Несусветный эскадрон - стр. 43
Им было по шестнадцати, для них баррикады стали откровенным праздником. Я могла держать пари – они увеялись сюда еще утром, с физики или химии. Уж насчет Славки – так точно! Парень уже года три как возомнил себя артистом. А познакомились мы в школьном активе Рижского тюза, где я одно время чуть не поселилась.
И до чего же прехорошенькая парочка смеялась сейчас сквозь недожеванный пирожок! Темноволосый, кудрявый, глазастый Славка и светло-русая сероглазая девчонка, оба почти одного роста, причем немалого, одинаково румяные и белозубые, хуже того – одинаково курносые. И у обоих волосы безалаберно падали на лоб до самых глаз.
Девчонку я тоже знала. Ее звали Кристина, Славка приводил ее на какое-то наше театральное сборище, и она с премилым акцентом читала сонет Шекспира на русском языке. Подумать только, еще год назад я ставила с этими оболтусами Шекспира…

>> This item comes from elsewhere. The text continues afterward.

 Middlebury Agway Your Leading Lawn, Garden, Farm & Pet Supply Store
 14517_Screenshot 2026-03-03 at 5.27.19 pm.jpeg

На баррикаде у дверей Радиокомитета появились люди с аппаратурой. Они затевали концерт – и оба прогульщика, не прощаясь, ринулись туда – занимать места в первом ряду.
Латыши называли свою борьбу за свободу «песенная революция». И уж чего-чего, а песен было выше крыши.
В бок мне уперлись две крупные собачьи лапы, отчего я чуть не облила куртку горячим кофе. Хорошо, что пес был на поводке. Он скреб по мне лапами, норовя достать повыше, и возбужденно лаял.
– Фу, Таро! – весело закричала необъятная хозяйка. – Что ты делаешь, бесстыжая собака?
Я сразу узнала обоих – библиотекаршу Марию Николаевну и ее рыженького коккер-спаниэля.
– Вот, дожили! – воскликнула давняя моя знакомица. – Кто бы мог подумать? Вот и на нашей улице праздник! Девочки, это же настоящее национально-освободительное движение! Как в Латинской Америке!
Милая Марья Николаевна снабжала меня диссидентской литературой в самые что ни на есть ка-ге-бешные предперестроечные годочки. Это была на редкость активная и жизнерадостная пожилая дама. Похоронив мужа-отставника, которому почему-то так и не родила детей, она бурно увлеклась общественной работой – и стала библиотечной звездой городского масштаба. Интервью она давала чуть ли не каждый месяц.
– Как подумаешь, сколько они пережили! – продолжала Мария Николаевна, обводя рукой пейзаж с кострами и баррикадами. – Ничего теперь с нами со всеми не сделают! Ты знаешь, мне за нас, за русских сегодня стыдно стало. Женщина, еще не старая, лет шестидесяти, смотрит на плакат – и трех слов по-латышски прочитать не может. У людей спрашивает – что там написано? Представляешь, как они должны на нас смотреть, если мы тут по сорок лет живем, а их языка не выучили?
Я с большим трудом угомонила Таро.
– Хороший пес, умный пес! – сказала я ему. – Ничего удивительного, что они называют всех приезжих мигрантами и колонистами.
– Страшно даже подумать, до чего мы перед ними виноваты! – воскликнула безобиднейшая и добрейшая диссидентка-библиотекарша. – Ничего, теперь все будет иначе. Язык выучить несложно. Вот отцепимся от империи – и будем жить дружно. Главное – от империи отцепиться!
На ее пальто поблескивала восьмиконечная звездочка… Кто-то, похоже, неплохо сейчас зарабатывал на аусеклисах.
– А куда ж мы теперь денемся! – отвечала Милка. – Они увидят, что мы готовы сопротивляться, и пальцем нас не тронут!
Все это было изумительно – вокруг вовсю шла борьба за свободу и независимую Латвию. Насилу мы опомнились. И поспешили прочь, скользя и поддерживая друг друга.